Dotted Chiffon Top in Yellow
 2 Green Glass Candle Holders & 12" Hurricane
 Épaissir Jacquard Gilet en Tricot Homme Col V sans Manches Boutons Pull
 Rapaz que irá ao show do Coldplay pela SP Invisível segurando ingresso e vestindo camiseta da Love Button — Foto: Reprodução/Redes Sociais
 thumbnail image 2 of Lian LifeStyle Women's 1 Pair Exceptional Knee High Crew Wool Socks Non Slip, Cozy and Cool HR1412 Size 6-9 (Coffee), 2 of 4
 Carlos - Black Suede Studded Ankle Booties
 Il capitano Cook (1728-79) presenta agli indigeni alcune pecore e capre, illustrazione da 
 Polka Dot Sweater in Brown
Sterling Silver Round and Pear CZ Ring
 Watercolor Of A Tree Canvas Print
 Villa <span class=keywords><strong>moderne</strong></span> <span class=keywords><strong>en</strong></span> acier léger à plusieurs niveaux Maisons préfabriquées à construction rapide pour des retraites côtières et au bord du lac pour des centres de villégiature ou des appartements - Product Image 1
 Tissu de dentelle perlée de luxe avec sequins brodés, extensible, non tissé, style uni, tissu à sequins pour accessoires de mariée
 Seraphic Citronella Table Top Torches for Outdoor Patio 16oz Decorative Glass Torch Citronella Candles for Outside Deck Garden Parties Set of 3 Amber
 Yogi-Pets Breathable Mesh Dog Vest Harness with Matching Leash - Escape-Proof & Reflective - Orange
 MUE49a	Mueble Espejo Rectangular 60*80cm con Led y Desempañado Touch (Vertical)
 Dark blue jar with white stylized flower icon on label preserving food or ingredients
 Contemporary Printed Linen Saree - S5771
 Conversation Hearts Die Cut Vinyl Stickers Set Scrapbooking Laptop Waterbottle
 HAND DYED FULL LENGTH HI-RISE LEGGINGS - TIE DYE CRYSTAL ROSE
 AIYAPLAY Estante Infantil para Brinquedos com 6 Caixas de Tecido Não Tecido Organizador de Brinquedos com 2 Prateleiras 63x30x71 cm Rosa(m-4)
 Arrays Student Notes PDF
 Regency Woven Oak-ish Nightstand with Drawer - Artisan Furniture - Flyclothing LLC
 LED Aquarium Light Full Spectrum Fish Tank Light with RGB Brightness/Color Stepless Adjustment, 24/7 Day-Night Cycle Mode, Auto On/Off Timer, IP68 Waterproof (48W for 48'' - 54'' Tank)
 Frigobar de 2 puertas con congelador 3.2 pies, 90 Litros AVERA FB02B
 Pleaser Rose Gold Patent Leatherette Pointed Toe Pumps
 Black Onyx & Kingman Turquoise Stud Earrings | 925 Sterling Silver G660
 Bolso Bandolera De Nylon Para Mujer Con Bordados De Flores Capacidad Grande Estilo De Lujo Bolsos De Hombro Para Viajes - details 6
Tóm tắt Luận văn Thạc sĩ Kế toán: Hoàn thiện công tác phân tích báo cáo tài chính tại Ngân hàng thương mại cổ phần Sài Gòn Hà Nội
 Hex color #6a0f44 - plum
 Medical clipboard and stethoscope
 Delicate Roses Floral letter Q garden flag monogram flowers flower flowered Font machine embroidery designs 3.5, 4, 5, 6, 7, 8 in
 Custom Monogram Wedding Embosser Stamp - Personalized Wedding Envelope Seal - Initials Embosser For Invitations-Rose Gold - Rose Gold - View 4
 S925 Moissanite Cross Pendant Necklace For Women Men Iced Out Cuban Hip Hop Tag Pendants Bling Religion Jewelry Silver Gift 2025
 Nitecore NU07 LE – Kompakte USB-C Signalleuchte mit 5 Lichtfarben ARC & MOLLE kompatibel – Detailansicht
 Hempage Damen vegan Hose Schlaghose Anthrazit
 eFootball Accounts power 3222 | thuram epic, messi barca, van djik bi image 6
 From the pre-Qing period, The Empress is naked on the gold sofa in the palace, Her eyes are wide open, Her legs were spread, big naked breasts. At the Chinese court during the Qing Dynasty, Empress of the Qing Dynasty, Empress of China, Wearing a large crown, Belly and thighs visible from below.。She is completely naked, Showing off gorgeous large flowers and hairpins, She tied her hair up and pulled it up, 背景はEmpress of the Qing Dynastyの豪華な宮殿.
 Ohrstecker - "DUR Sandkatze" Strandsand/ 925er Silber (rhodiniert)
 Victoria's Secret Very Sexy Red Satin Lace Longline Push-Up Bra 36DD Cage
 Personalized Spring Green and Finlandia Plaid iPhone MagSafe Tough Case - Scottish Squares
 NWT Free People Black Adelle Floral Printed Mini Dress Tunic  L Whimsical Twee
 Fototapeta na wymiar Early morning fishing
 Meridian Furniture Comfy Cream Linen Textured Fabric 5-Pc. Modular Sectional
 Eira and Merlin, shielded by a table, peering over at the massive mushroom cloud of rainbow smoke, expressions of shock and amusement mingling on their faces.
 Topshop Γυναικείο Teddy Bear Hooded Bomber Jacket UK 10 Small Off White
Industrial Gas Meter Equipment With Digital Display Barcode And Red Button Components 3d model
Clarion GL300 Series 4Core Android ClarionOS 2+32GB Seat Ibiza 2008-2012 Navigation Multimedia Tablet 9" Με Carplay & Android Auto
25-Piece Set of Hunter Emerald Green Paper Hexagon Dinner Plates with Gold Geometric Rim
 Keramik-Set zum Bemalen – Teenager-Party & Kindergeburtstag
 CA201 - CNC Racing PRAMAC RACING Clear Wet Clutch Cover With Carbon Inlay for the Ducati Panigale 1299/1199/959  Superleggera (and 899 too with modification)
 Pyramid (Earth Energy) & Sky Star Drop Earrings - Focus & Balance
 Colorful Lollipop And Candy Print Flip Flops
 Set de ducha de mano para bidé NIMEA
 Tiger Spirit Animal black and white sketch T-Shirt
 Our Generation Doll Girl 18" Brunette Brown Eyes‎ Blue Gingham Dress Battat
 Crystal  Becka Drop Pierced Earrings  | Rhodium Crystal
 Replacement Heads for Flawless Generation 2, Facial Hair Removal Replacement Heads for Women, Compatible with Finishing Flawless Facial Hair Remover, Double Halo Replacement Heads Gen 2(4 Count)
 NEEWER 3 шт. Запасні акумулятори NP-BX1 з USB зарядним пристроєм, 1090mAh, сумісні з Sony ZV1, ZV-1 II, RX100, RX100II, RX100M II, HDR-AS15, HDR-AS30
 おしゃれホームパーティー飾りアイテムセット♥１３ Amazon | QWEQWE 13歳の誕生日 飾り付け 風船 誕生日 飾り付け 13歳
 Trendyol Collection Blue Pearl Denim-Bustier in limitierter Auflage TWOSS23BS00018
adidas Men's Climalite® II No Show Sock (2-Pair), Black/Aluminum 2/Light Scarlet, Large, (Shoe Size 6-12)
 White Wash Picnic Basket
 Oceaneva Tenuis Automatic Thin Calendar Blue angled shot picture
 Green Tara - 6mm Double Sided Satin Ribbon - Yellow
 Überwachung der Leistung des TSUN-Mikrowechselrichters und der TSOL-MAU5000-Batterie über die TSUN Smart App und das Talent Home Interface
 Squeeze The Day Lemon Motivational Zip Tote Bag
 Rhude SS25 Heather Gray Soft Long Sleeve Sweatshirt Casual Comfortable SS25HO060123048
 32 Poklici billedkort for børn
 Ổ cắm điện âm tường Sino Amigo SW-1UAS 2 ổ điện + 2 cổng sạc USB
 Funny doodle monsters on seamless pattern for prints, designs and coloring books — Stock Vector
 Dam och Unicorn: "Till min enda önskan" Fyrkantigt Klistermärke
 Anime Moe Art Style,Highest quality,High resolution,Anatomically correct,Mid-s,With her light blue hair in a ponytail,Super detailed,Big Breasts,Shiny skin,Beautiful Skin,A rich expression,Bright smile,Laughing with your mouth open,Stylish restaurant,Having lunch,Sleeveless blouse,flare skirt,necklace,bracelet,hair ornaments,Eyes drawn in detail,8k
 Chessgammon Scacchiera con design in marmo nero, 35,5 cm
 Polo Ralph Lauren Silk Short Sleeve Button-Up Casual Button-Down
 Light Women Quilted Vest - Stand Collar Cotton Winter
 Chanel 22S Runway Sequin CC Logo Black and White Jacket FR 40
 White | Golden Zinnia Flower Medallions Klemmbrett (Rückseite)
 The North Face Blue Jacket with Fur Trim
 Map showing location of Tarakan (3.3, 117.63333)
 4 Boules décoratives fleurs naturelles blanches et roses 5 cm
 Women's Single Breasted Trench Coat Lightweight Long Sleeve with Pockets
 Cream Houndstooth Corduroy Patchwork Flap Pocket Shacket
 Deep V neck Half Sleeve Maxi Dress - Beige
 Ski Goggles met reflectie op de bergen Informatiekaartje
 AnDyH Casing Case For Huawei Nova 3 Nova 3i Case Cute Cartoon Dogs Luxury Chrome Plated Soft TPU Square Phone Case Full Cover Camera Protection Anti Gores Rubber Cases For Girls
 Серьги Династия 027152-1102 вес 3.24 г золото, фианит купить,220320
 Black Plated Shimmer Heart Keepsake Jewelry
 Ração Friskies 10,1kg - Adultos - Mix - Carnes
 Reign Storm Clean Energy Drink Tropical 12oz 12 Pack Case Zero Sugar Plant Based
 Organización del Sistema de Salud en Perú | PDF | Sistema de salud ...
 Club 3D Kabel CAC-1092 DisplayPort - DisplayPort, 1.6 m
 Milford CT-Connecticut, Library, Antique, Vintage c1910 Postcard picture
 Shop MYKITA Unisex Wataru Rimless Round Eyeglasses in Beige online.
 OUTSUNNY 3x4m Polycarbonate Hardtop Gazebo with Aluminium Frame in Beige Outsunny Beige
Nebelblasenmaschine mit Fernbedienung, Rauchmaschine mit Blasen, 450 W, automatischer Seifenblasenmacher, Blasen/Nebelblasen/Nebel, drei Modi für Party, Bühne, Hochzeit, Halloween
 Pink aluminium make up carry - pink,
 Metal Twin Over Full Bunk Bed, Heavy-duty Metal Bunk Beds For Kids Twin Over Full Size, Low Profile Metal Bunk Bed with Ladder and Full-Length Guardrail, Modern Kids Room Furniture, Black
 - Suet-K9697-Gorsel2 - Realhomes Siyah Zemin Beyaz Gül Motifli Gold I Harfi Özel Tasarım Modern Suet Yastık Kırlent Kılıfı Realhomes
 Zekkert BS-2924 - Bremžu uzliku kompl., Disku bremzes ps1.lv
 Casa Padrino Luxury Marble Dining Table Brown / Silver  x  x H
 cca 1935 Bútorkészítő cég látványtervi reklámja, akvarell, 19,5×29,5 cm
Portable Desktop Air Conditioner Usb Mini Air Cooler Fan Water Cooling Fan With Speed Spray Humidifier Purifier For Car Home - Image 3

^^^^^^^^

Give back exactly the lines above starting at the line where "925er Silber (rhodiniert)" appears and ending at the line where "Personalized Spring Green" appears, both included, with no other lines.

## Reply
 Ohrstecker - "DUR Sandkatze" Strandsand/ 925er Silber (rhodiniert)
 Victoria's Secret Very Sexy Red Satin Lace Longline Push-Up Bra 36DD Cage
 Personalized Spring Green and Finlandia Plaid iPhone MagSafe Tough Case - Scottish Squares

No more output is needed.